• _Dataset section_:
::::::
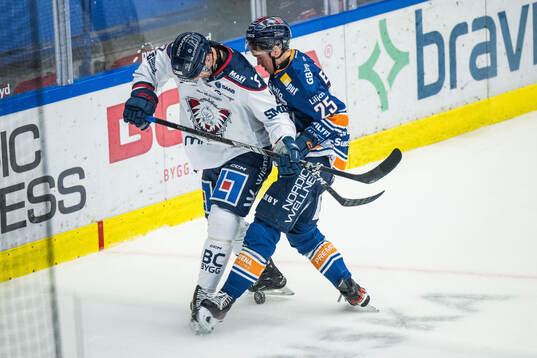 Linköpings Rasmus Rissanen och Växjös Filip Eriksson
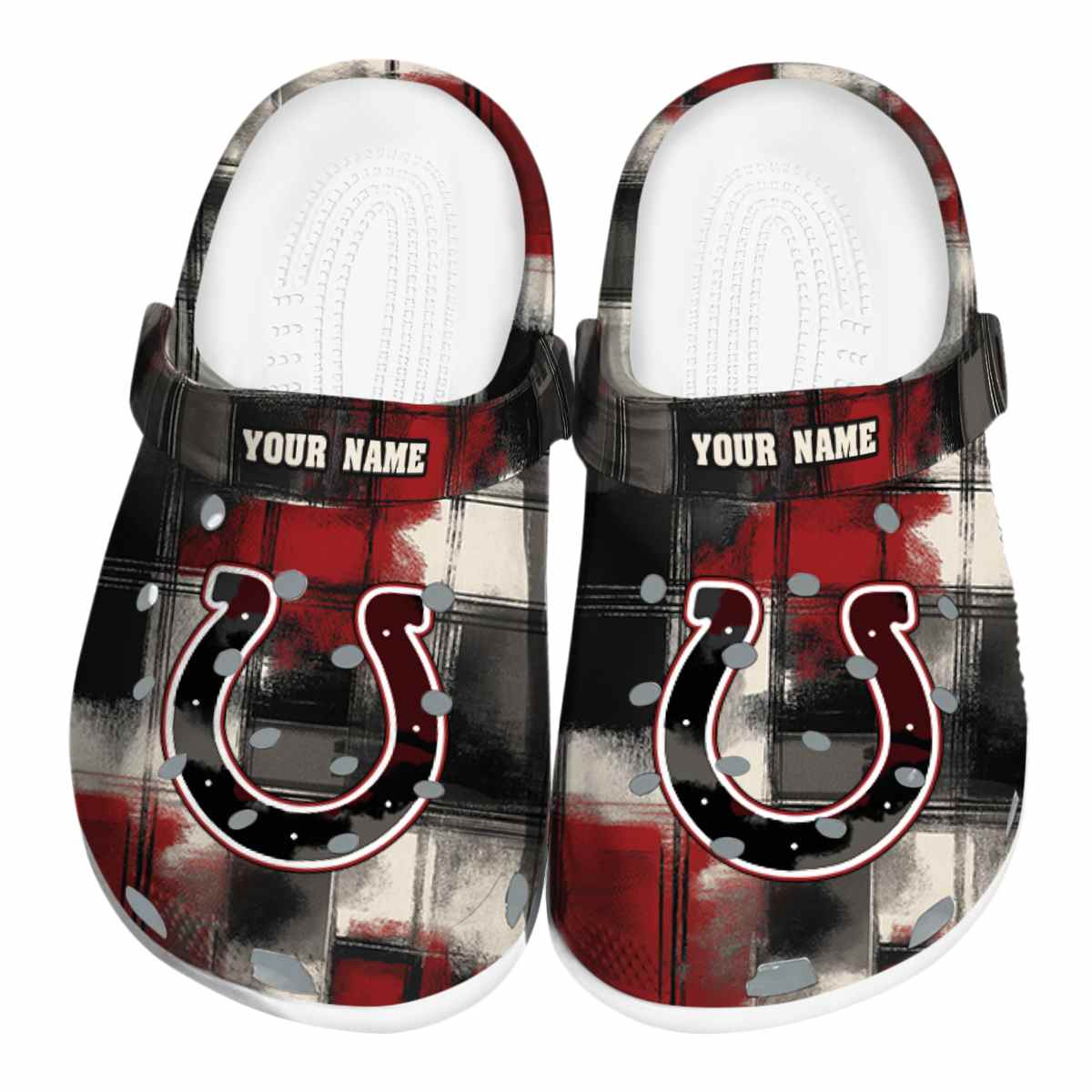 footwearmerch indianapolis colts nfl sport crocs crocband clogs shoes comfortable for men women and kids 3if3c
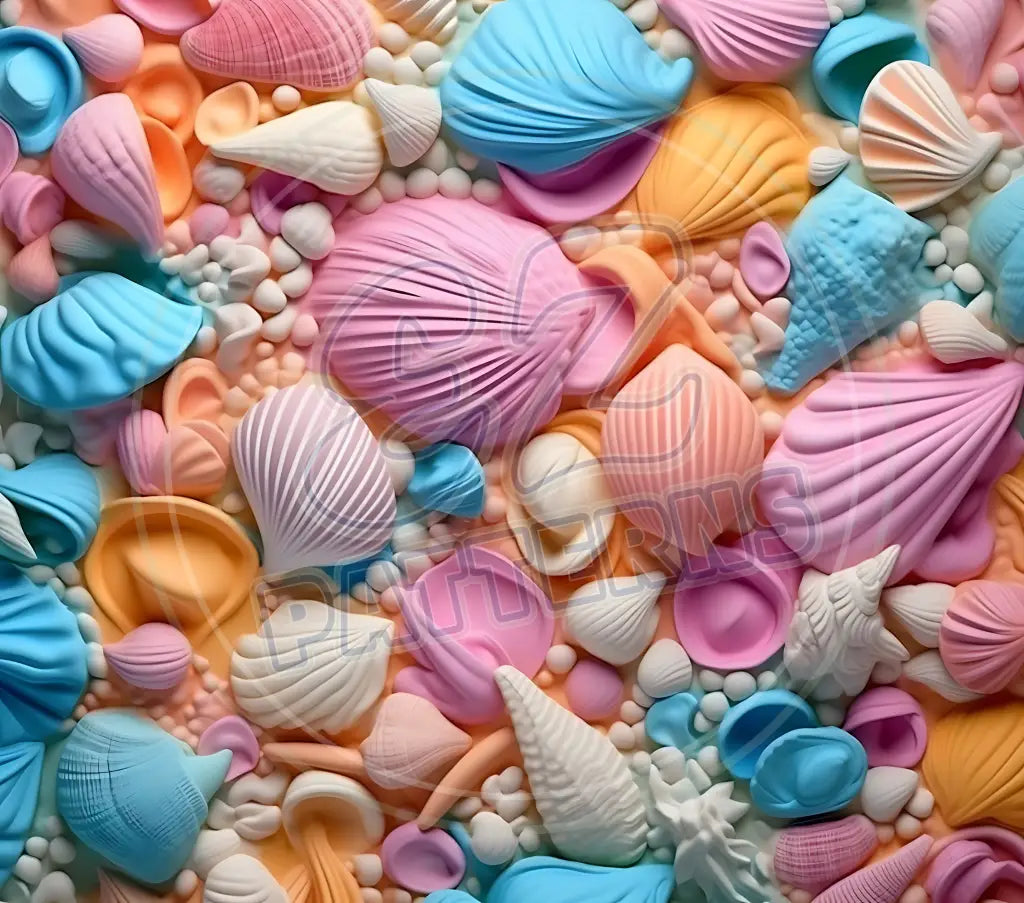 3D Seashells 021 Printed Pattern Vinyl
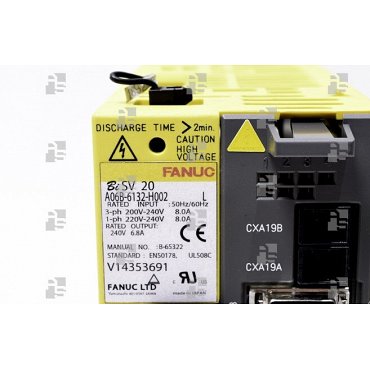 A06B-6132-H002 SERVO AMPLIFIER BETA iSV 20, I/O LINK INTERFACE - le_tipo Supply ❒ Hoo-oo.com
::::::
• _What you need to do_: Copy the material above exactly and drop the pictures.

• _Solution for this task_:
 Linköpings Rasmus Rissanen och Växjös Filip Eriksson
 footwearmerch indianapolis colts nfl sport crocs crocband clogs shoes comfortable for men women and kids 3if3c
 3D Seashells 021 Printed Pattern Vinyl
 A06B-6132-H002 SERVO AMPLIFIER BETA iSV 20, I/O LINK INTERFACE - le_tipo Supply ❒ Hoo-oo.com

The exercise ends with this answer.